We received “NodeUnavailableException: The node xx.xxx.xx.xx:11210 that the key was mapped to is either down or unreachable. The SDK will continue to try to connect every 1000ms. Until it can connect every operation routed to it will fail with this exception”
We started receiving at 3:00:18.044 PM until 3:02:07.569 PM. Our team was doing maintenance work on the cluster machines but after gracefully shutting it down, adding it back and then rebalancing one-by-one. The bucket is of memcached type and there are 2 machines involved in the cluster.

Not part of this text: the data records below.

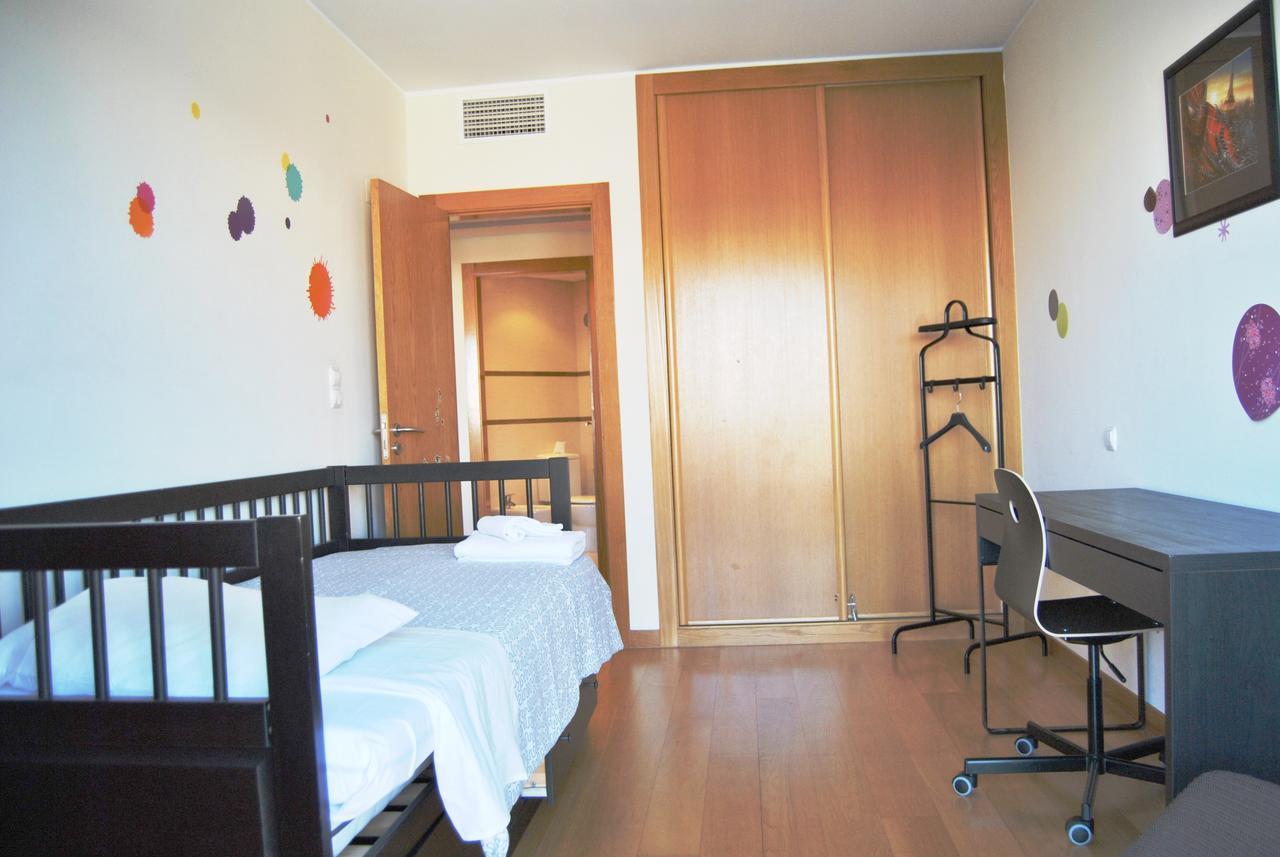 Parque Nacoes Prime Apartments 16 - 3 Quartos Lisbona Esterno foto
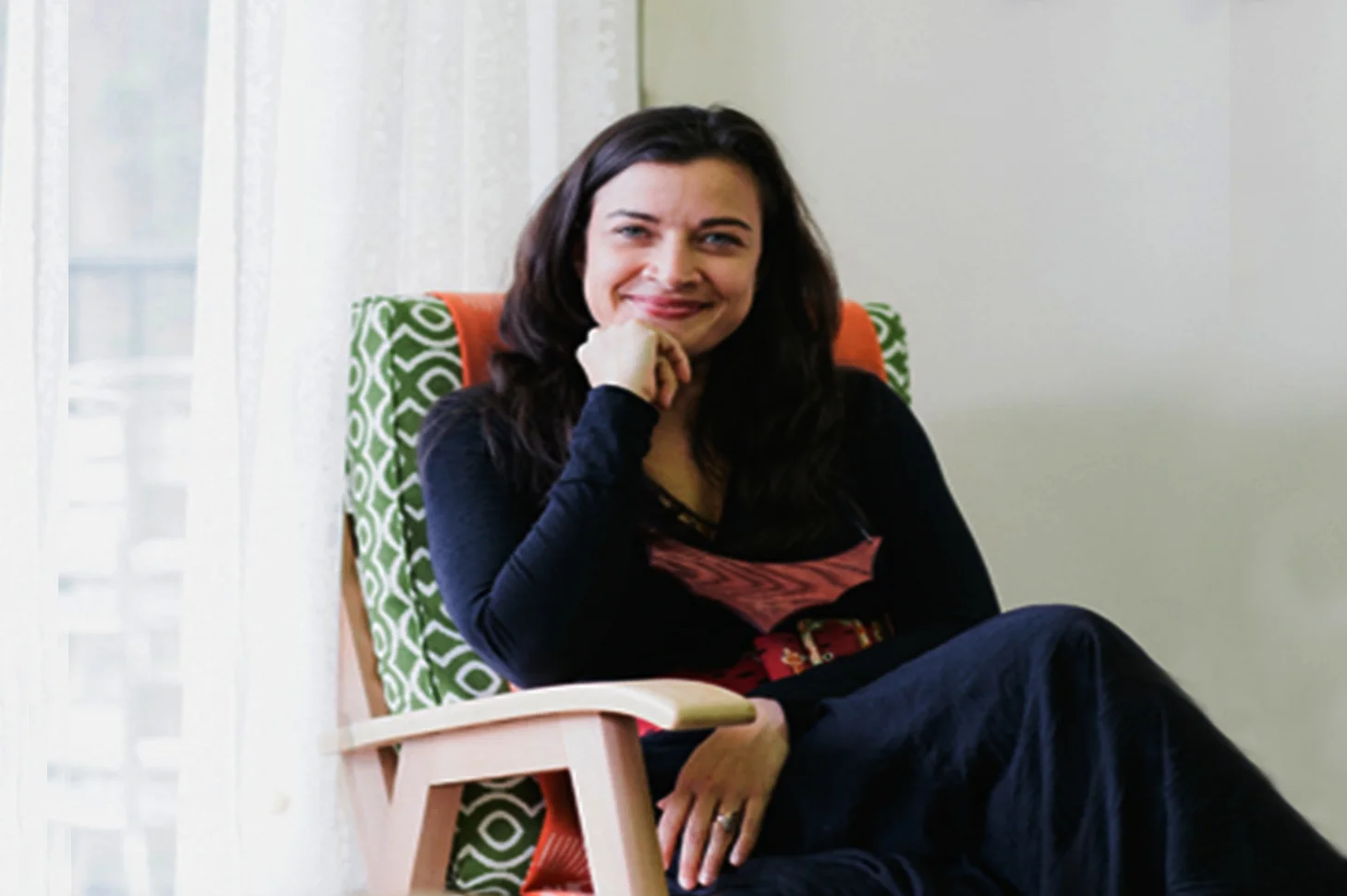 Alison Page: Image courtesy of NADA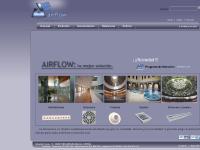 AIRFLOW - Difusión de aire AIRFLOW - Difusión de aire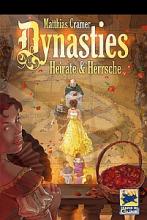 Dynasties: Heirate & Herrsche - obrázek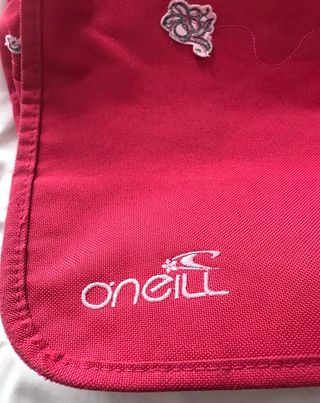 Bolso O'Neill deportivo/escolar rosa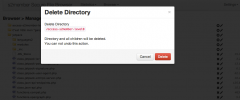 s2member Secure File Browser screenshot 4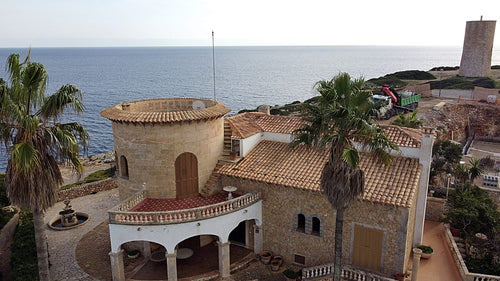 Bespoke Clifftop Residence - Porto Cristo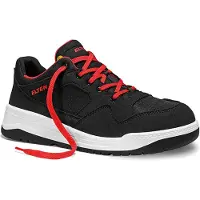 ELTEN Sicherheitshalbschuh MAVERICK black Low ESD S3, Gr. 48
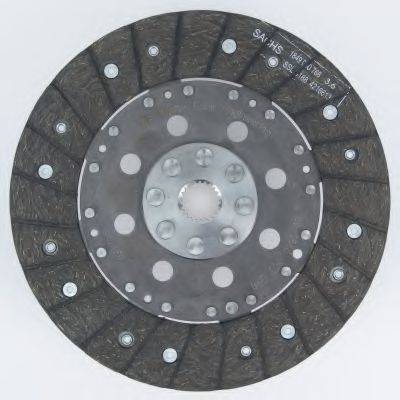 SACHS (ZF SRE) 881864001098 диск зчеплення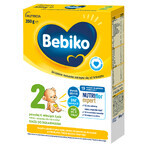 Bebiko 2 Leche de continuación Nutriflor Expert, más de 6 meses, 350 g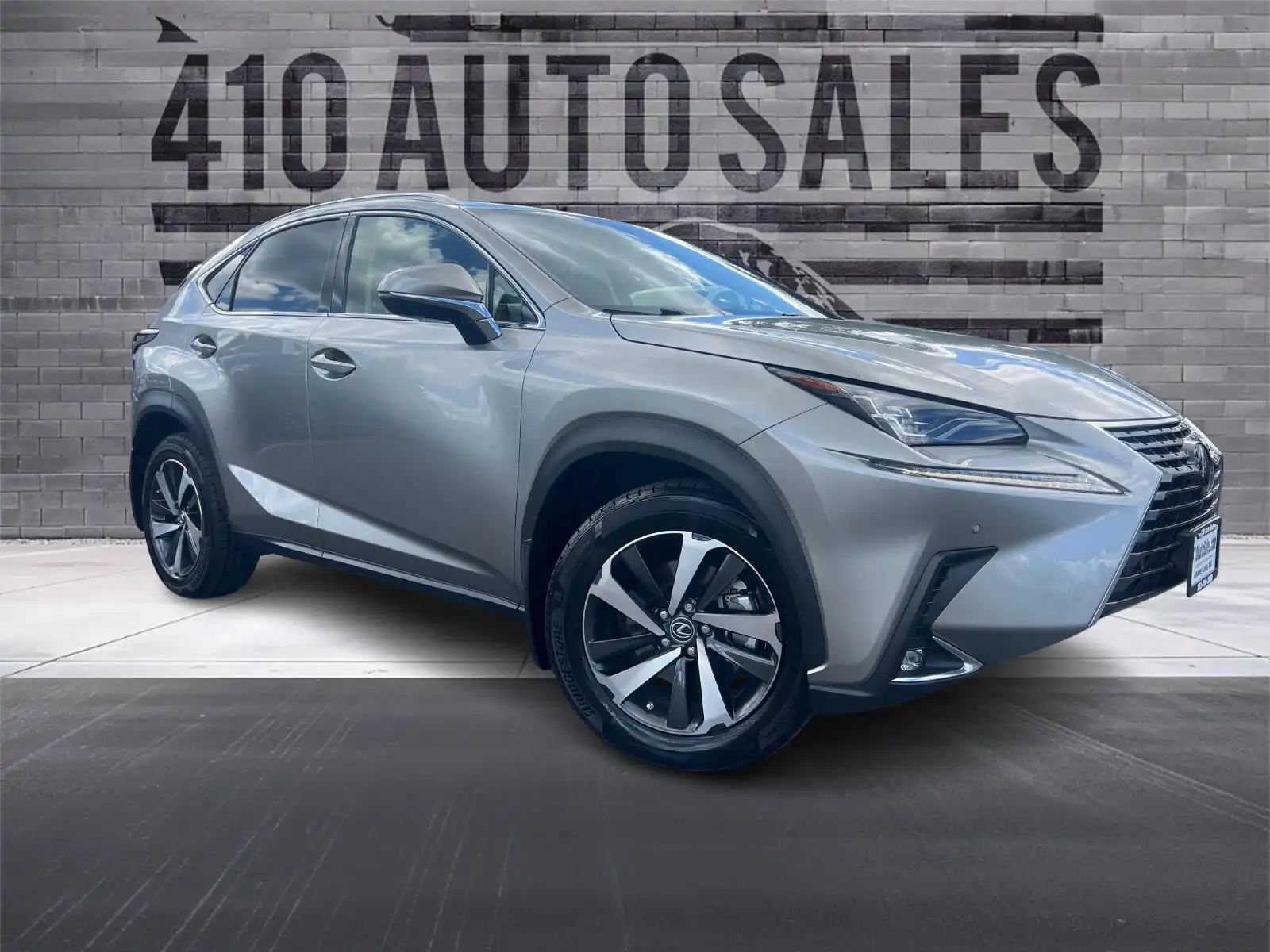 2020 Lexus NX 350 300 Luxury AWD's photo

However, we were expecting the .NET SDK client v2.4.8 to read the cache from the other functioning nodes in this scenario as per https://developer.couchbase.com/documentation/server/3.x/developer/dev-guide-3.0/failover.html
Is there any parameter (SendTimeout, NodeAvailableCheckInterval, IOErrorThreshold etc.) that we can tweak to fix this kind of error?
Any help is appreciated.
With a MemcachedBucket, you’ll have to redistribute the keys via the rebalance and/or read from the source - bypass the cache - since its missing 1/2 the data now (you removed a node). When you get the NodeUnavailableException, the client hasn’t yet caught up with the fact that the cluster has changed and the rebalance has not completed.
"During node failure, Couchbase SDKs receive errors trying to read or write any data that is on a failed node. "
With a Couchbase bucket, you could enable replicas and do a replica read when the error is detected to fetch the key from another server when the app detects this situation.
Thanks for the quick response. So that means, in case of Memcached, SDK will keep receiving NodeUnavailableException until the rebalance is complete. Is this understanding correct?
I was hoping to handle this exception by receiving list of updated available nodes / or (all nodes - minus the one that failed) and forwarding the request to them. Is it possible with .NET SDK?